A car battery has a lot of ommph. You could turn on the headlights or even the heater fan (usually the biggest current draw) and not get more than 0.5 volts of drop. Since your battery has a 13v "surface charge" that drops immediately to 10v with any draw, it's probably no good.

You could check the water in the battery; if you're low enough you can get what you see with an "okay" battery. But it didn't do the battery any good to run the water down.

When you take the battery down to be checked, they'll do just what you did; hook it to a carbon-pile load, see the big voltage drop, and offer you a good battery. When you put it in, check the voltage when the truck is running. You should get about 14.1v. If you get a lot more (16?), then that will boil the water out of the battery, it may be why your current battery is bad, and it will destroy the new battery.

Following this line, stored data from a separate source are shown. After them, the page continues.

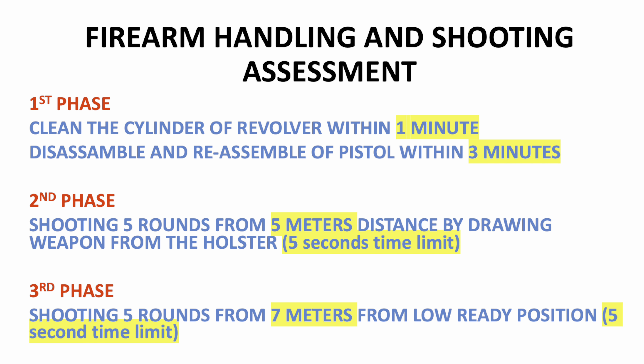There are two types of missions: armed and unarmed. In armed missions you can carry arms, and for those missions it is necessary to qualify through weapon handling and shooting assessment. In the first phase, you have to disassemble and reassemble the weapon.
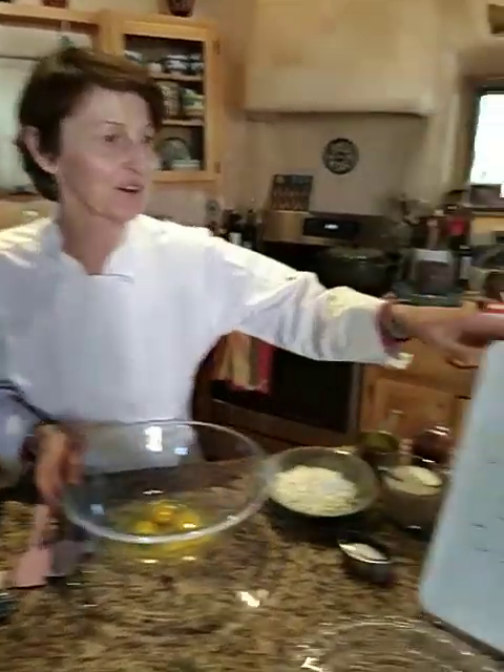Hey you guys, I'm back for our last class for the semester. So I'm making the crepes that you all requested and I hope they turn out. So let's get started here — we'll go with our recipe.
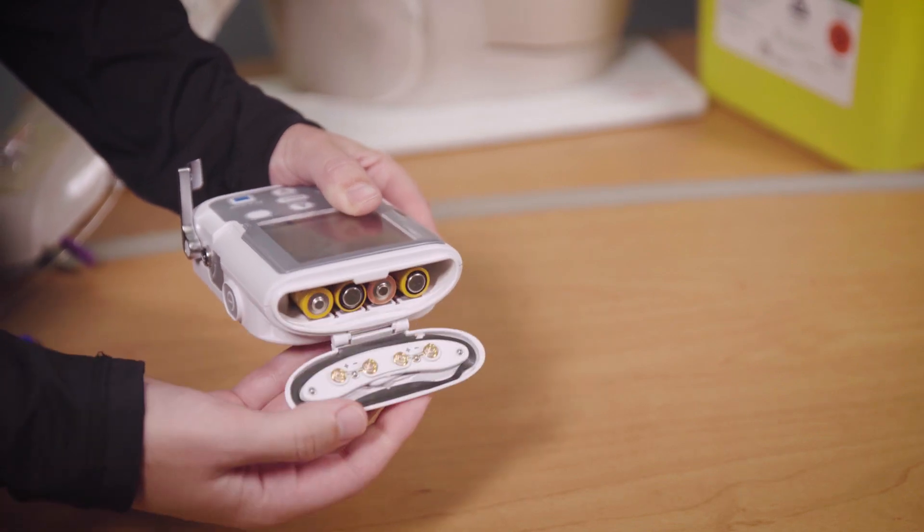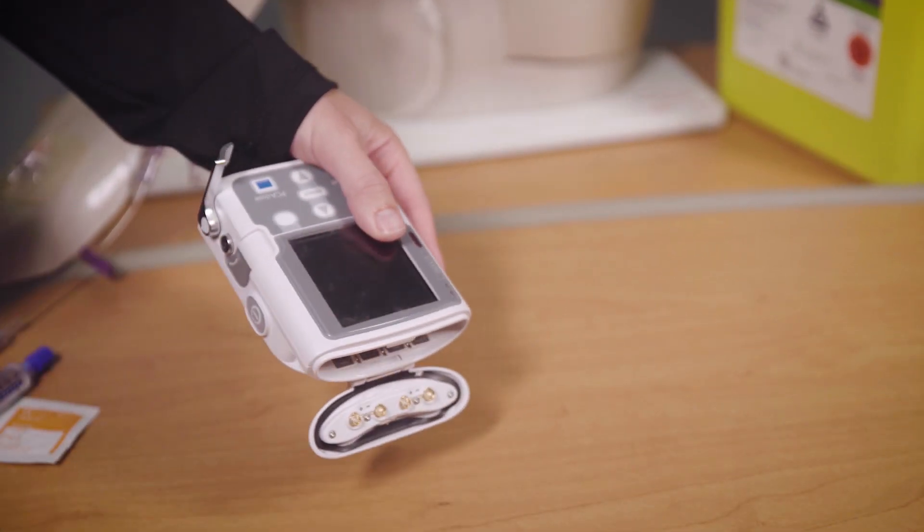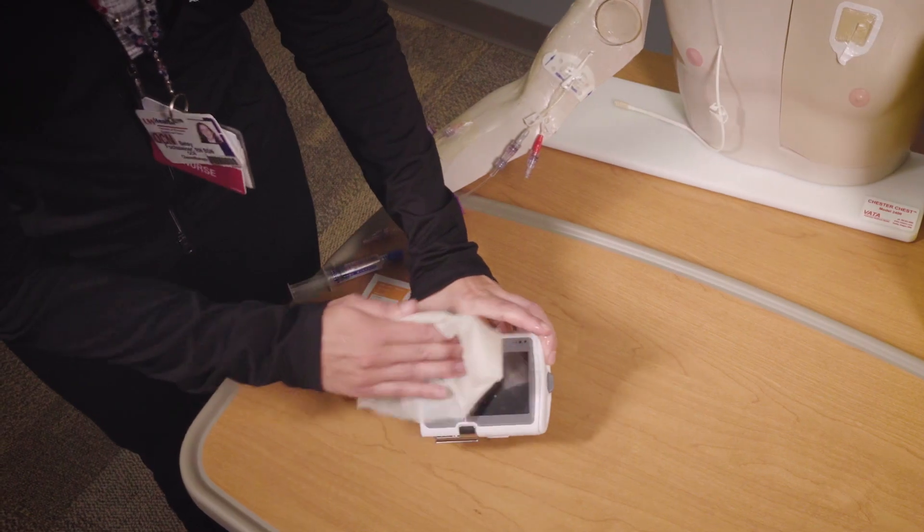Remove the batteries from the infusion pump and discard them. If you think your infusion pump got any chemotherapy on it, wipe it off with a damp soapy cloth. Wash your hands using soap and water, not just alcohol gel.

If (and only if) you get the wrong voltage with the new battery, then you can think about replacing the alternator. Or the cables. Or screwing around with vinegar.
I shouldn't say those numbers are totally accurate, though. My multimeter has been acting up recently and I said in an earlier post I was going to retest the battery on Sunday. My multimeter wasn't letting me adjust my TPS because it kept giving me different readings, and inaccurate readings. Almost left the thing in front of my tire when I drove off. It's all I have to go by right now until I get another one on sunday.

Might actually be faster to not test it at all and just replace it. It has a 3 year warranty and I still have the receipt.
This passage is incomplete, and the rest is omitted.